The problem, of course, is that all of this sounds remarkably close to the scenarios sketched out in popular science fiction movies and novels. The whole idea is anchored so firmly in fantasy that any attempt at serious discussion becomes an invitation for ridicule. It is not hard to imagine the derision likely to be heaped on any major public official or politician who raised such concerns.

Behind the scenes, however, there can be little doubt that interest in AI of all types within the military, security agencies, and major corporations will only grow. One of the obvious implications of a potential intelligence explosion is that there would be an overwhelming first-mover advantage. In other words, whoever gets there first will be effectively uncatchable. This is one of the primary reasons to fear the prospect of a coming AI arms race. The magnitude of that first-mover advantage also makes it very likely that any emergent AI would quickly be pushed toward self-improvement—if not by the system itself, then by its human creators. In this sense, the intelligence explosion might well be a self-fulfilling prophesy. Given this,
I think it seems wise to apply something like Dick Cheney’s famous “1 percent doctrine” to the specter of advanced artificial intelligence: the odds of its occurrence, at least in the foreseeable future, may be very low—but the implications are so dramatic that it should be taken seriously.

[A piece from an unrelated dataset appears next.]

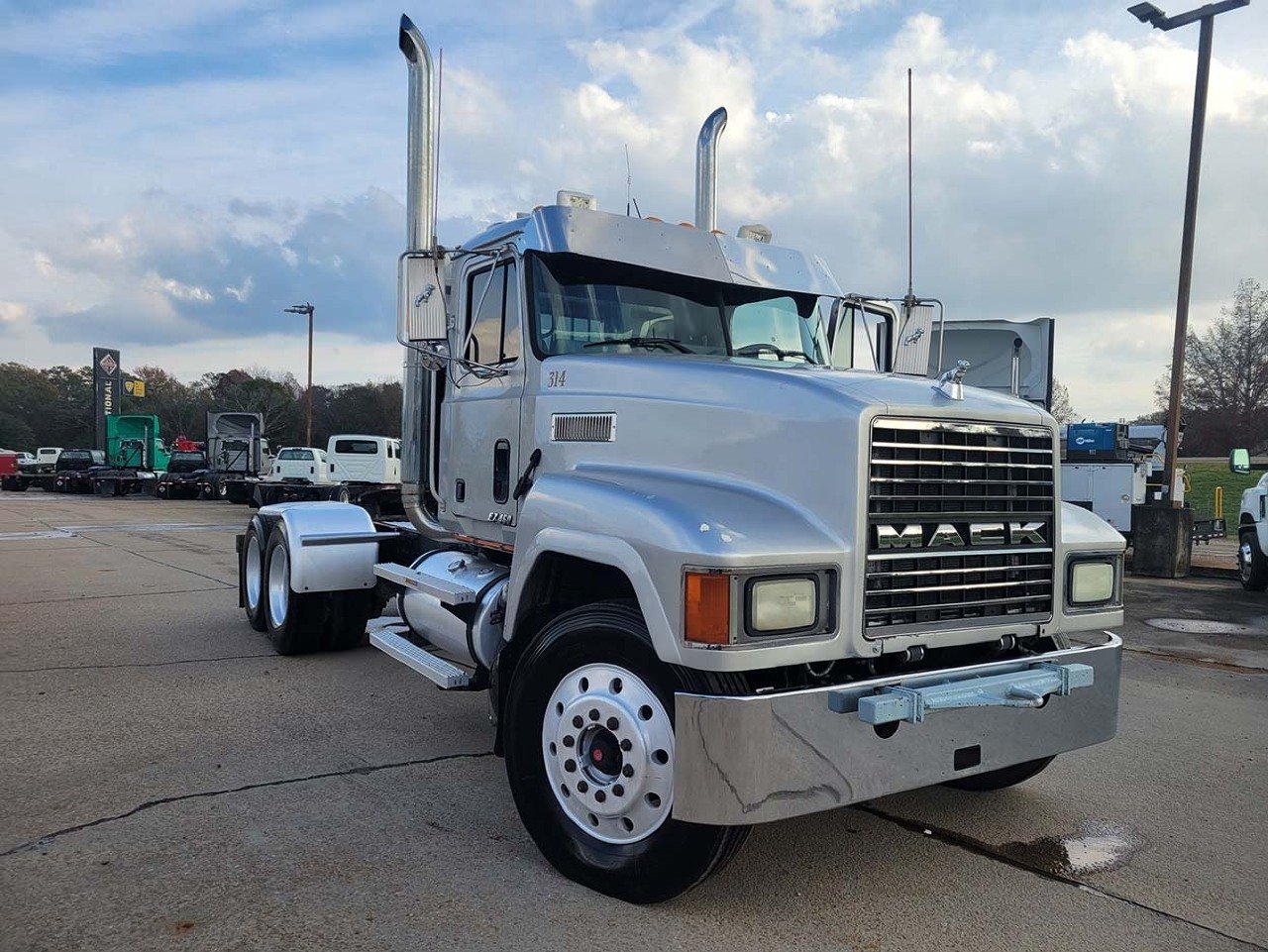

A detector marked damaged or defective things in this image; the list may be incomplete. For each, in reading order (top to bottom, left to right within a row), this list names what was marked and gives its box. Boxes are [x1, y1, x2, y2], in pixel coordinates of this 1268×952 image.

crack in pavement [0, 654, 276, 674]
crack in pavement [0, 755, 494, 862]
crack in pavement [857, 805, 1262, 948]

Even if we dismiss the existential risks associated with advanced AI and assume that any future thinking machines will be friendly, there would still be a staggering impact on the job market and economy. In a world where affordable machines match, and likely exceed, the capability of even the smartest humans, it becomes very difficult to imagine who exactly would be left with a job. In most areas, no amount of education or training—even from the most elite universities—would make a human being competitive with such machines. Even occupations that we might expect to be reserved exclusively for people would be at risk. For example, actors and musicians would have to compete with digital simulations that would be imbued with genuine intelligence as well as super-human talent. They might be newly created personalities, designed for physical perfection, or they might be based on real people—either living or dead.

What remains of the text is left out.